HOW TO COMPLETE THIS TASK
Taking the line with "Cardigan cu nasturi" as the first and the line with "Men's Cotton Pants" as the last, set down the lines below exactly, pictures excluded.

EXERCISE MATERIAL

BEGIN

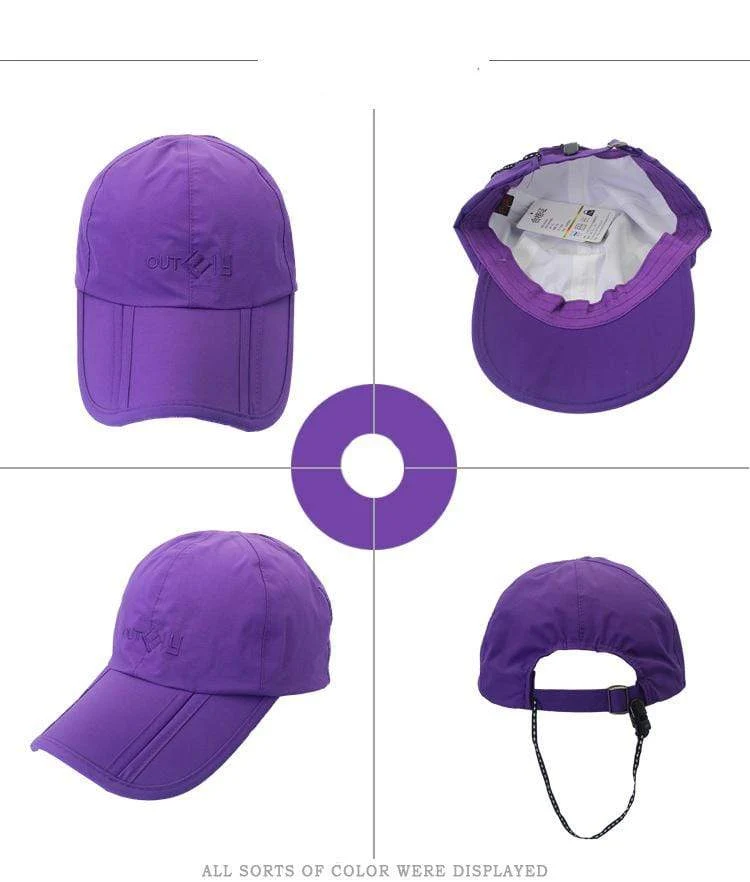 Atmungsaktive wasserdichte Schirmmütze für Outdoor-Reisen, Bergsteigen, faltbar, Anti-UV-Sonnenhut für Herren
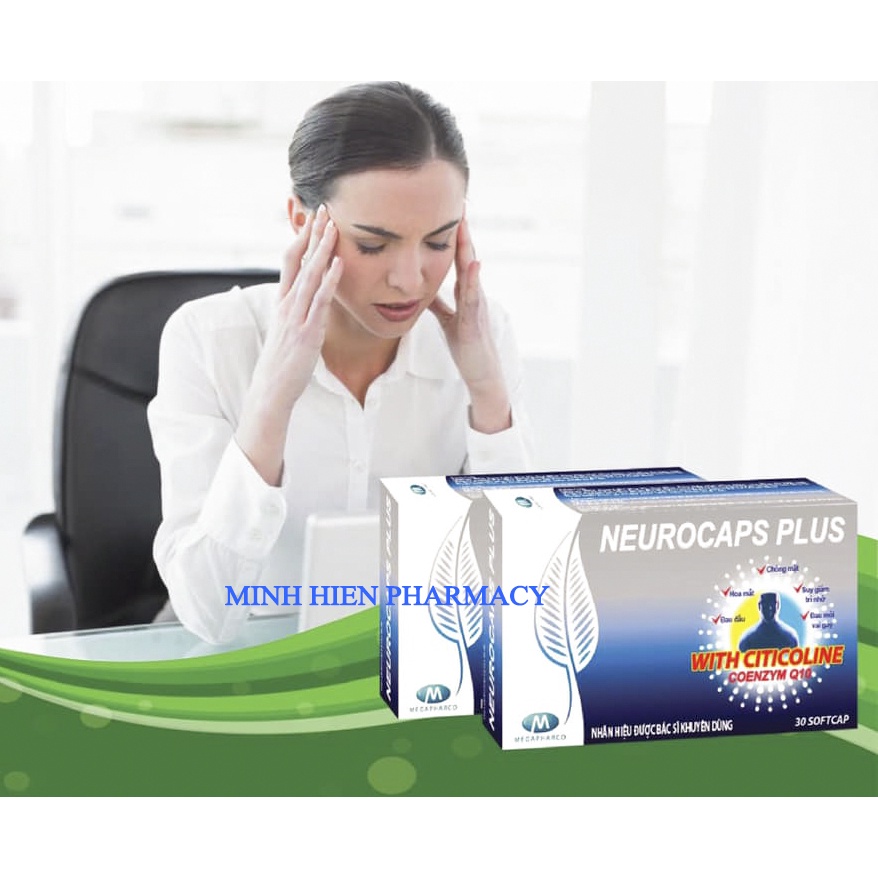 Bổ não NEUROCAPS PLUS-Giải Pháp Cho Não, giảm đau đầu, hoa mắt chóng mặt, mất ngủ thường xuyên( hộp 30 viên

END
BEGIN

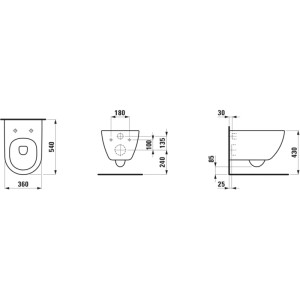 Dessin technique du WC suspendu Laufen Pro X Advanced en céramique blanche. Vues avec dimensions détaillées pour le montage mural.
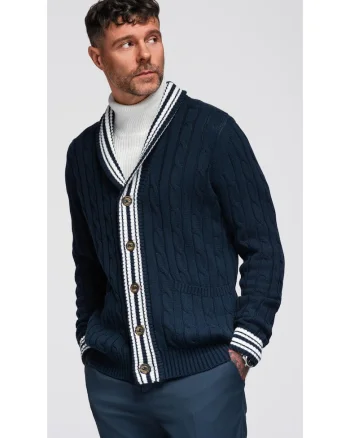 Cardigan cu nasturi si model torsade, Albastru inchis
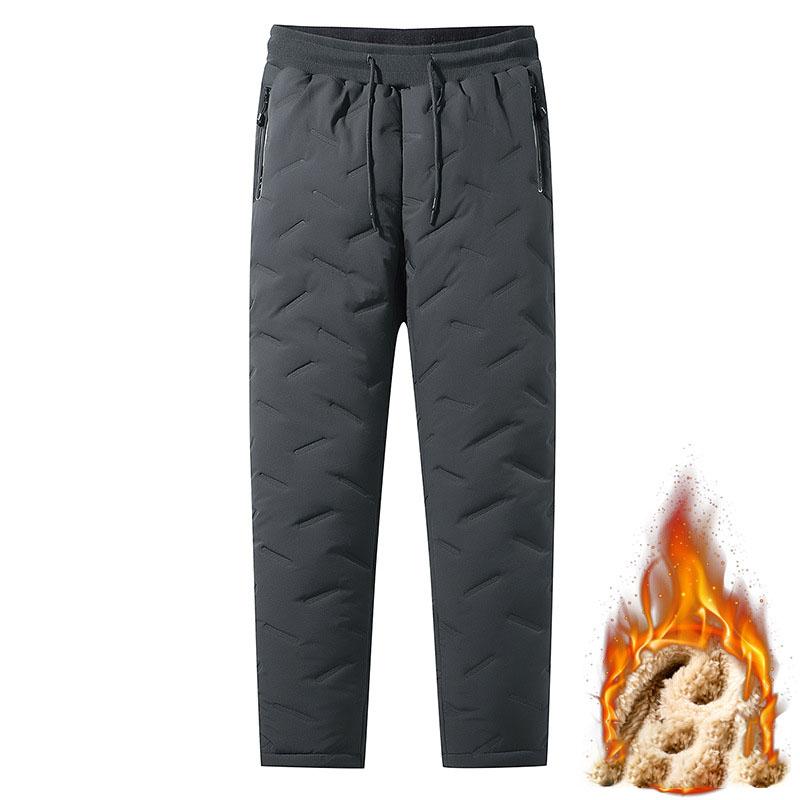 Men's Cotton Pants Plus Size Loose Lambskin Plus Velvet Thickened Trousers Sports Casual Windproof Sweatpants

END
BEGIN

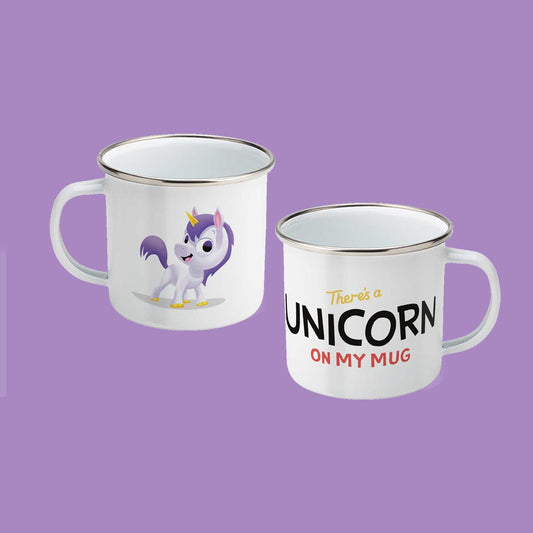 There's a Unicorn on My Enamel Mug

END

EXERCISE ANSWER
 Cardigan cu nasturi si model torsade, Albastru inchis
 Men's Cotton Pants Plus Size Loose Lambskin Plus Velvet Thickened Trousers Sports Casual Windproof Sweatpants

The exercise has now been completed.